** RECORD EXTRACTS follows **

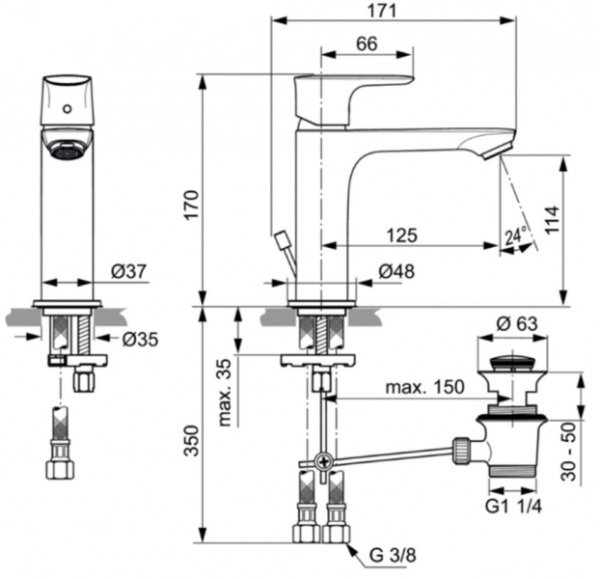 Смеситель для раковины Ideal Standard Connect Air A7012AA Смеситель для раковины Ideal Standard Connect Air A7012AA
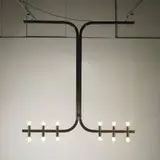 attribution Fernando Rossi, ceiling fixture, c. 1969, enameled steel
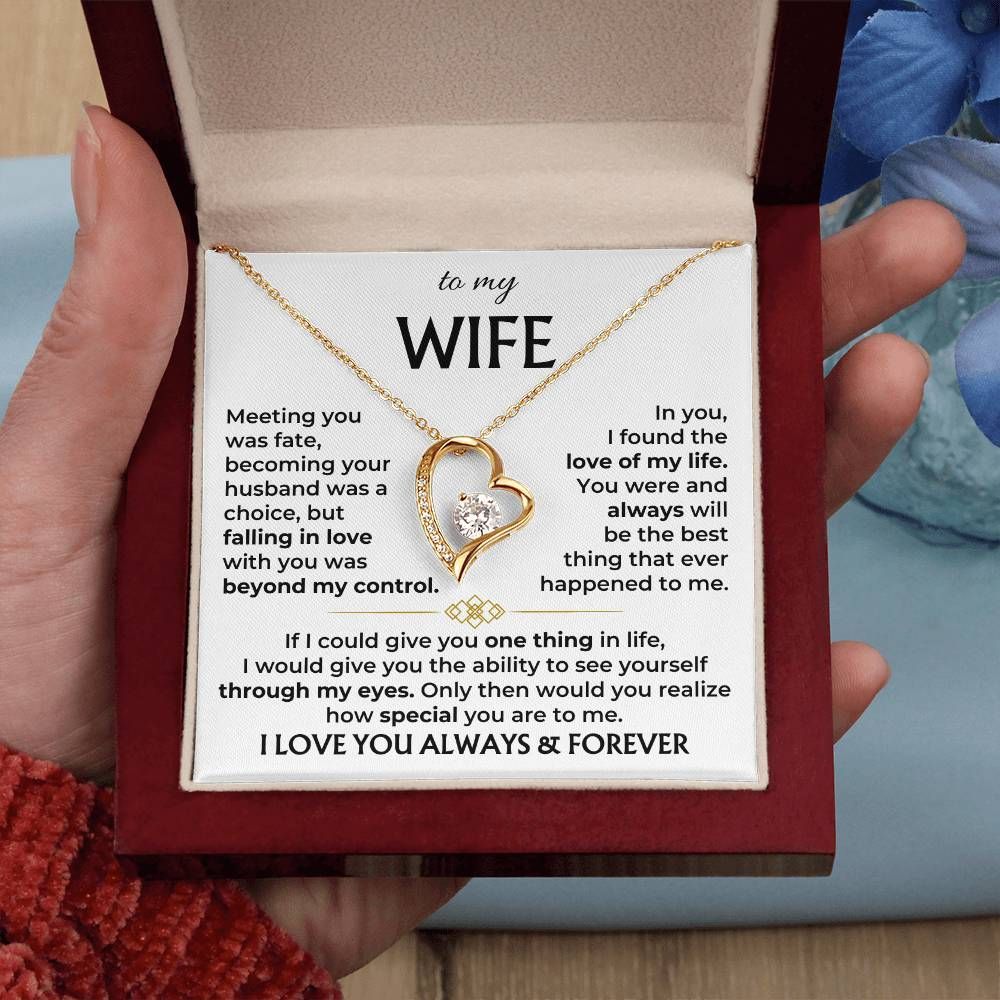 Gold Finish Necklace To My Wife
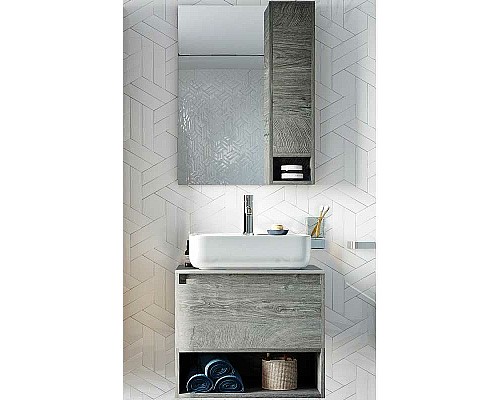 Комплект мебели для ванной STWORKI Карлстад 60 427861 подвесной Дуб рошелье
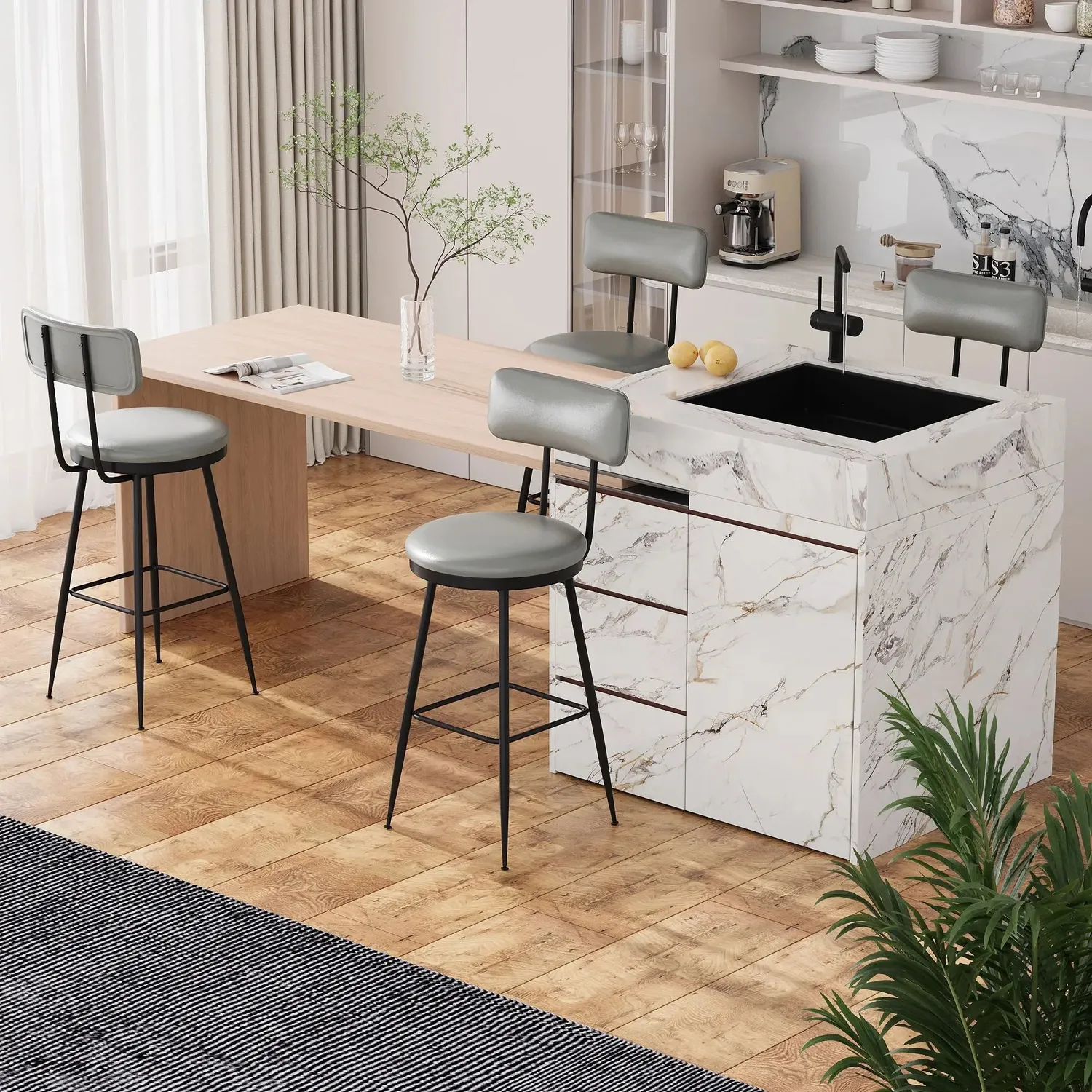 In And OutdoorMatch Barhocker Dunkelgrau Kunstleder 4er Set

** End of RECORD EXTRACTS **

_WORK INSTRUCTIONS_
Beginning with the line that holds "attribution Fernando Rossi, ceiling", return each line through the end of the records above exactly. Do not include pictures.

_TASK SOLUTION_
 attribution Fernando Rossi, ceiling fixture, c. 1969, enameled steel
 Gold Finish Necklace To My Wife
 Комплект мебели для ванной STWORKI Карлстад 60 427861 подвесной Дуб рошелье
 In And OutdoorMatch Barhocker Dunkelgrau Kunstleder 4er Set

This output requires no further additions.